> [Task]:
Find the line with "Cat6 Unshielded Plenum" in the records below. Output exactly from there until after the line with "JILL STUART（ジルスチュアート）の「JILLSTUART レディース", without pictures.

Exercise materials below:

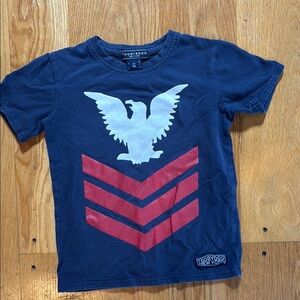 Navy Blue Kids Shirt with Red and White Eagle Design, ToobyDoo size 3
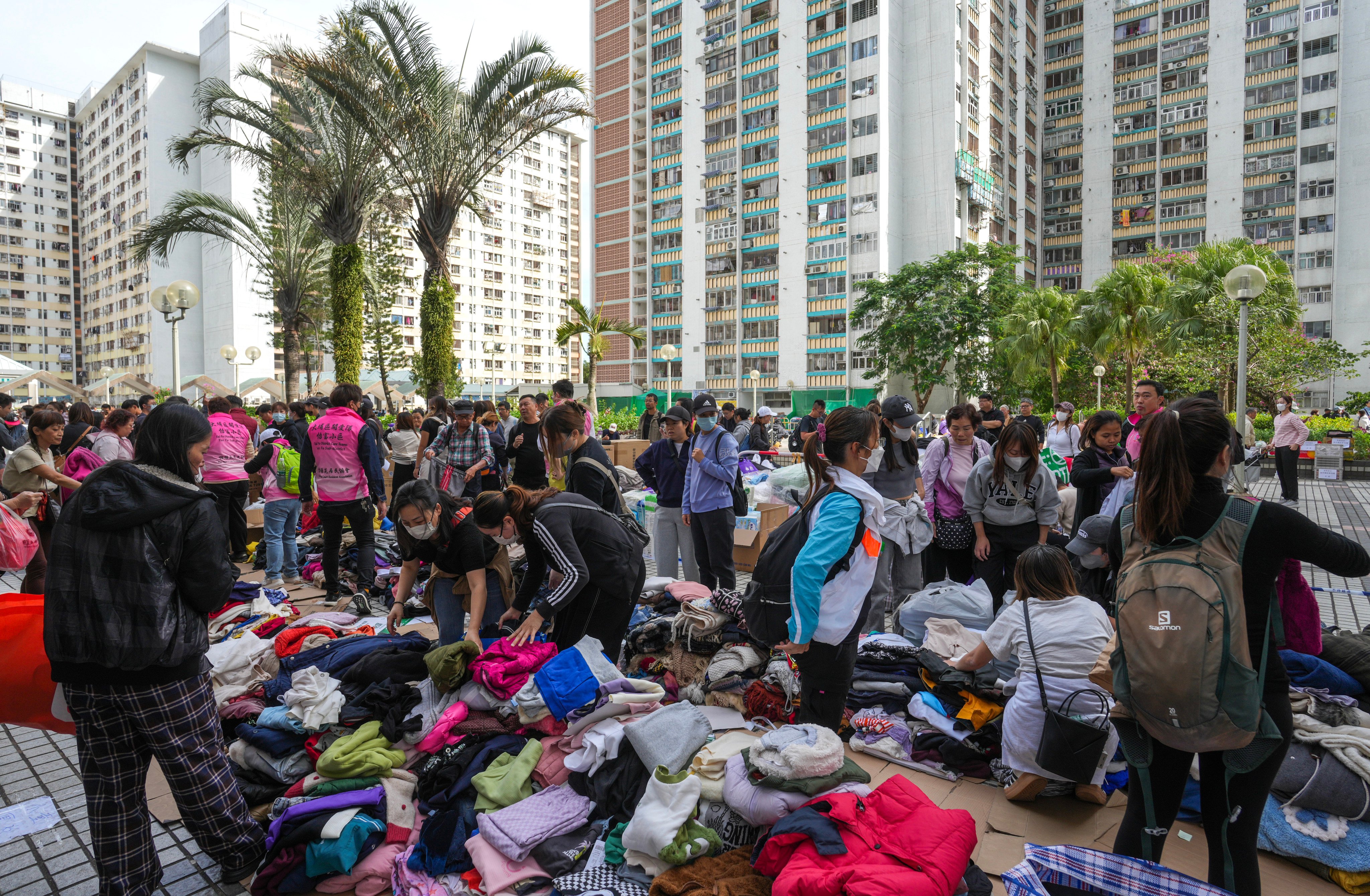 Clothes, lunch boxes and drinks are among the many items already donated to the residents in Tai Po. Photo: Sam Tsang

End of Exercise materials.
Exercise materials below:

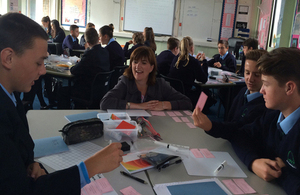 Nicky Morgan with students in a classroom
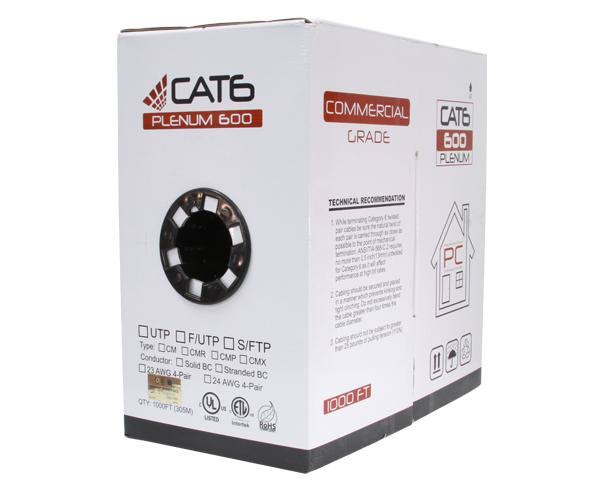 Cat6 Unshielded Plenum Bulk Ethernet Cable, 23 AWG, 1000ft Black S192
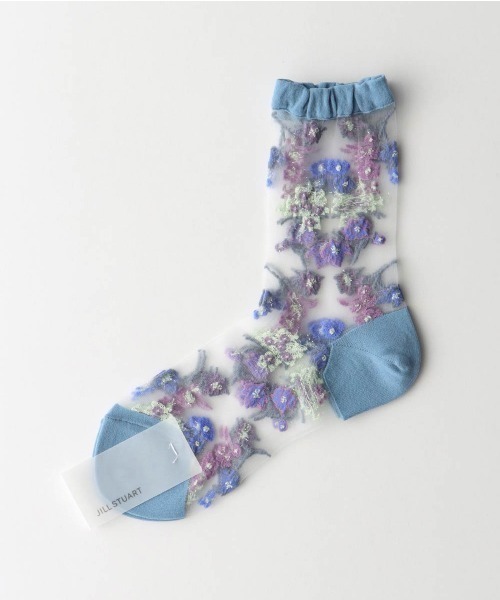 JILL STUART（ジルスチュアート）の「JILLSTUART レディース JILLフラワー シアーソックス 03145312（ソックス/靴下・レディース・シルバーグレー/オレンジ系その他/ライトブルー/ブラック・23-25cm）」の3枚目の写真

End of Exercise materials.
Exercise materials below:

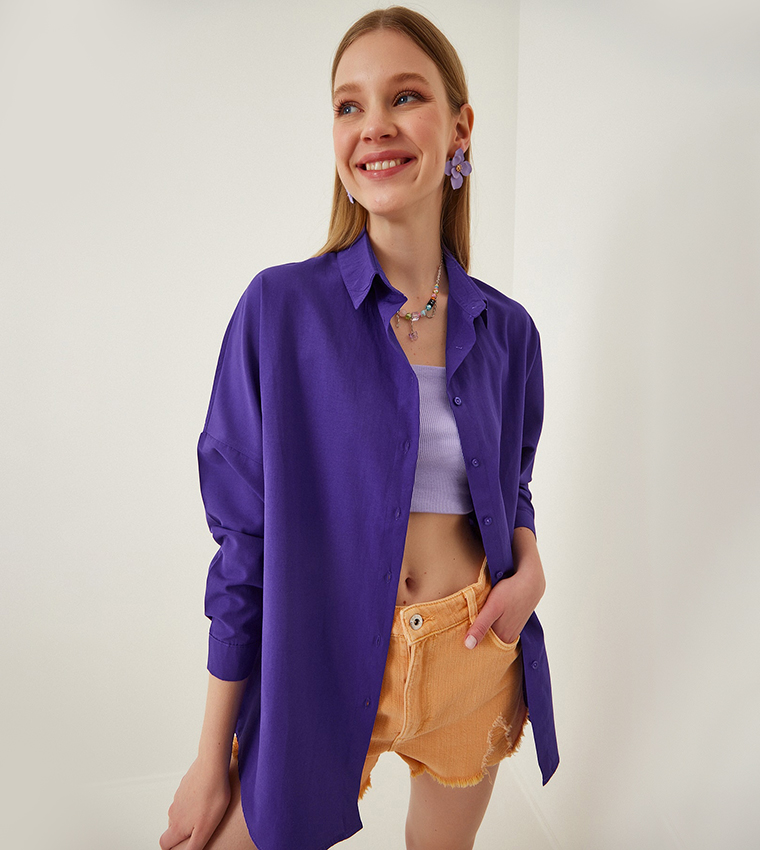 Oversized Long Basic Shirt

End of Exercise materials.

> [Result of this exercise]:
 Cat6 Unshielded Plenum Bulk Ethernet Cable, 23 AWG, 1000ft Black S192
 JILL STUART（ジルスチュアート）の「JILLSTUART レディース JILLフラワー シアーソックス 03145312（ソックス/靴下・レディース・シルバーグレー/オレンジ系その他/ライトブルー/ブラック・23-25cm）」の3枚目の写真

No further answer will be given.